5. Graph like data using Neo4j Graph Database

5. Graph like data using Neo4j Graph Database

This is the 5th blog as part of the series Full Stack: Remastering Master Data Management into graph like data. Hope you enjoy the series and find it useful !!

Introduction

In today's world, people don’t just need to manage larger volumes of data – they need to generate insight from their existing data. In this case, the relationships between data points matter more than the individual points themselves.

In order to leverage data relationships, organizations need a database technology that stores relationship information as a first-class entity. That technology is a graph database.

Ironically, legacy relational database management systems (RDBMS) are poor at handling data relationships. Their rigid schema make it difficult to add different connections or adapt to new business requirements.

Not only do graph databases effectively store data relationships; they’re also flexible when expanding a data model or conforming to changing business needs.

Graph

Advantages of using a Graph database

We live in a connected world! There are no isolated pieces of information, but rich, connected domains all around us. Only a database that natively embraces relationships is able to store, process, and query connections efficiently. While other databases compute relationships at query time through expensive JOIN operations, a graph database stores connections alongside the data in the model.

Accessing nodes and relationships in a native graph database is an efficient, constant-time operation and allows you to quickly traverse millions of connections per second per core.

Independent of the total size of your dataset, graph databases excel at managing highly-connected data and complex queries. With only a pattern and a set of starting points, graph databases explore the neighboring data around those initial starting points — collecting and aggregating information from millions of nodes and relationships — and leaving any data outside the search perimeter untouched.

What is Neo4j?

Neo4j is an open-source, NoSQL, native graph database that provides an ACID-compliant transactional backend for your applications. It is referred to as a native graph database because it efficiently implements the property graph model down to the storage level. This means that the data is stored exactly as you whiteboard it, and the database uses pointers to navigate and traverse the graph. In contrast to graph processing or in-memory libraries, Neo4j also provides full database characteristics, including ACID transaction compliance, cluster support, and runtime failover – making it suitable to use graphs for data in production scenarios.

Some of the following particular features make Neo4j very popular among developers, architects, and DBAs:

  • Cypher, a declarative query language similar to SQL, but optimized for graphs.
  • Constant time traversals in big graphs for both depth and breadth due to efficient representation of nodes and relationships.
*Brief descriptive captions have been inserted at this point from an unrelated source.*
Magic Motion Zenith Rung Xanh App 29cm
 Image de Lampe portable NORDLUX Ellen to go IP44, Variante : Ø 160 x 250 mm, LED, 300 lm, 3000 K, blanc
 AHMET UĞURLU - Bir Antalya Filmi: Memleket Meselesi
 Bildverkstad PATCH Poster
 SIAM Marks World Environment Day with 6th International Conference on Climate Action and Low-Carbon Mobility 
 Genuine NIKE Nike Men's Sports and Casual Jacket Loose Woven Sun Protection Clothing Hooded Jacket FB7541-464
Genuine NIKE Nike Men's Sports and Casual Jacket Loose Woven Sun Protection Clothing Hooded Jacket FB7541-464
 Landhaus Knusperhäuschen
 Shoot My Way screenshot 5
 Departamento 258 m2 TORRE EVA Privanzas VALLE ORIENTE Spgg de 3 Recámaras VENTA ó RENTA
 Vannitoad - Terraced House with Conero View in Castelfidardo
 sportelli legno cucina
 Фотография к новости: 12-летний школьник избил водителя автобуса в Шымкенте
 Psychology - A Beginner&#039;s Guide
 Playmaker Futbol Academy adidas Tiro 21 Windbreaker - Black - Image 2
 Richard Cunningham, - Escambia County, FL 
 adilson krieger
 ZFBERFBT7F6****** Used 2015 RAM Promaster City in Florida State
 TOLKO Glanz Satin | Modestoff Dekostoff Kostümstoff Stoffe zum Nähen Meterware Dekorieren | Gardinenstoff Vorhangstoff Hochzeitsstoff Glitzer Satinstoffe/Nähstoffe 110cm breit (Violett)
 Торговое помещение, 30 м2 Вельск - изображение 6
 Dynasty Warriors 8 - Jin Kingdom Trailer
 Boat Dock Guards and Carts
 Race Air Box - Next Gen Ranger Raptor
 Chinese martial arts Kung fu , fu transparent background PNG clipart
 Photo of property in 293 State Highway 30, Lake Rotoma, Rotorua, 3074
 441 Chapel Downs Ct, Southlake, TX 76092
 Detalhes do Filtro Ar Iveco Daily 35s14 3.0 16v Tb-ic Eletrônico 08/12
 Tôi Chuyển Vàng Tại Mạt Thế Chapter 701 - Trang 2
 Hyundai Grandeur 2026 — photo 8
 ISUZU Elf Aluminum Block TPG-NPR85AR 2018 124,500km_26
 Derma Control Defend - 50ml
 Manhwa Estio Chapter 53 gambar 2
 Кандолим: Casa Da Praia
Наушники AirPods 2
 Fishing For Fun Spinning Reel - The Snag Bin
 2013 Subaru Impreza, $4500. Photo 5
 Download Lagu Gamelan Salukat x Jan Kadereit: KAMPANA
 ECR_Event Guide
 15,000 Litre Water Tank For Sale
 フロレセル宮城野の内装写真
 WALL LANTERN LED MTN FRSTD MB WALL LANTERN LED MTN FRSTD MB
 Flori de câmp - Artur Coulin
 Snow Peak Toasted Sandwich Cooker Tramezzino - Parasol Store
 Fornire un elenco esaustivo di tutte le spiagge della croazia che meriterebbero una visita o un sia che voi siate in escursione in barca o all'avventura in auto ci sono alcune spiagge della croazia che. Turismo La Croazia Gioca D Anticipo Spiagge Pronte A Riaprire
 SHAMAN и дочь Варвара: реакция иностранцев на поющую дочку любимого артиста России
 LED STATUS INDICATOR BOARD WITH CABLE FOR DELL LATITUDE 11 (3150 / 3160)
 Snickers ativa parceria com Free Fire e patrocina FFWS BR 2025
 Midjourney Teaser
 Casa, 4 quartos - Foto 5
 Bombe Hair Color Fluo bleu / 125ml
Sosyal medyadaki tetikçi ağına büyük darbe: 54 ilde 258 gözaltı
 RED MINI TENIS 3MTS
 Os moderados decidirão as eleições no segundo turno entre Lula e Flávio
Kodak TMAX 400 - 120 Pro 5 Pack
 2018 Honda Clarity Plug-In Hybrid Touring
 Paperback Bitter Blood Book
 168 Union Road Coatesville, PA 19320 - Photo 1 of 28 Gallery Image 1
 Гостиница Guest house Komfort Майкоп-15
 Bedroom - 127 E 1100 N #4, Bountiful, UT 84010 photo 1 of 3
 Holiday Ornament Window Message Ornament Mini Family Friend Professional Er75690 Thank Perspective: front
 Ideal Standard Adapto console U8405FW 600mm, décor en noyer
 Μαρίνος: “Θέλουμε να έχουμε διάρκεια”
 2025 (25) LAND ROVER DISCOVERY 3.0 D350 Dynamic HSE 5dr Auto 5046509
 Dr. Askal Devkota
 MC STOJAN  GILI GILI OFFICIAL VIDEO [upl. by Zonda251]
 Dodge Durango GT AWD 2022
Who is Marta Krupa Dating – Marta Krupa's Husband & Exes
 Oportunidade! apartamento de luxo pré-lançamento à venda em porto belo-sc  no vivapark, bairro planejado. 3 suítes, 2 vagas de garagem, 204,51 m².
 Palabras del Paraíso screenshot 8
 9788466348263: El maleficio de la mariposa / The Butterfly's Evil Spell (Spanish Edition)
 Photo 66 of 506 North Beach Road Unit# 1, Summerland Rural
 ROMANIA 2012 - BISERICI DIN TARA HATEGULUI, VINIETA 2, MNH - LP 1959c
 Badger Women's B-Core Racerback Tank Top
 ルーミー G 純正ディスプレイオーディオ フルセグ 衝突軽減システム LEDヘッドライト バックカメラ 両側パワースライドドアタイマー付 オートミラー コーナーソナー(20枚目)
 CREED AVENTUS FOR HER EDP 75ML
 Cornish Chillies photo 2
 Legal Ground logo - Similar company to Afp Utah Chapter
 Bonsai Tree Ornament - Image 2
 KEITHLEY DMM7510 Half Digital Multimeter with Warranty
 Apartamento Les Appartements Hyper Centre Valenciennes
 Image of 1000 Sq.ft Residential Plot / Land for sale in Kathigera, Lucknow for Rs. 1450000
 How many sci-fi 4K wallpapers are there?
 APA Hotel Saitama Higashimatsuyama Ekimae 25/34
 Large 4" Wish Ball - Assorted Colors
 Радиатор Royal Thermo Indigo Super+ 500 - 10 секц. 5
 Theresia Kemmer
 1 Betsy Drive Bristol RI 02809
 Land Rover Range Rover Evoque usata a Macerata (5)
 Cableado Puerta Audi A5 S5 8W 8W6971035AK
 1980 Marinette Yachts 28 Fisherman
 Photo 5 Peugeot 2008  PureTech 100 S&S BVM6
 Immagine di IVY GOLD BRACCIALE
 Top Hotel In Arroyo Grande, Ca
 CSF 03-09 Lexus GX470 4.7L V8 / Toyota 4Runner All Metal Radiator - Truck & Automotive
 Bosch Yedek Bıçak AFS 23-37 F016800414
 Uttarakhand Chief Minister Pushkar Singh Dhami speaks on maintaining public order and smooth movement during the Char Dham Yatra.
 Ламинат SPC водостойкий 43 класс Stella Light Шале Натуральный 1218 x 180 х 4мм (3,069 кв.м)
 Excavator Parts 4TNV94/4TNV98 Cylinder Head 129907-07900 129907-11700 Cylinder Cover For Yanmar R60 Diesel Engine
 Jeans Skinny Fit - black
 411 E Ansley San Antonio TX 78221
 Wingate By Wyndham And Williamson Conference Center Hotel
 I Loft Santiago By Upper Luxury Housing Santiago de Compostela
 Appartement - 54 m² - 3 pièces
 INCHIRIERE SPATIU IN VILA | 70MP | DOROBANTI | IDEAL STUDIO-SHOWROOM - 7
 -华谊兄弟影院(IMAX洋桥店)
Enables scale-up to billions of nodes on moderate hardware.
  • Flexible property graph schema that can adapt over time, making it possible to materialize and add new relationships later to shortcut and speed up the domain data when the business needs change.
  • Drivers for popular programming languages, including Java, JavaScript, .NET, Python, and many more.

How to define a Graph?

A graph is composed of two elements: a node and a relationship.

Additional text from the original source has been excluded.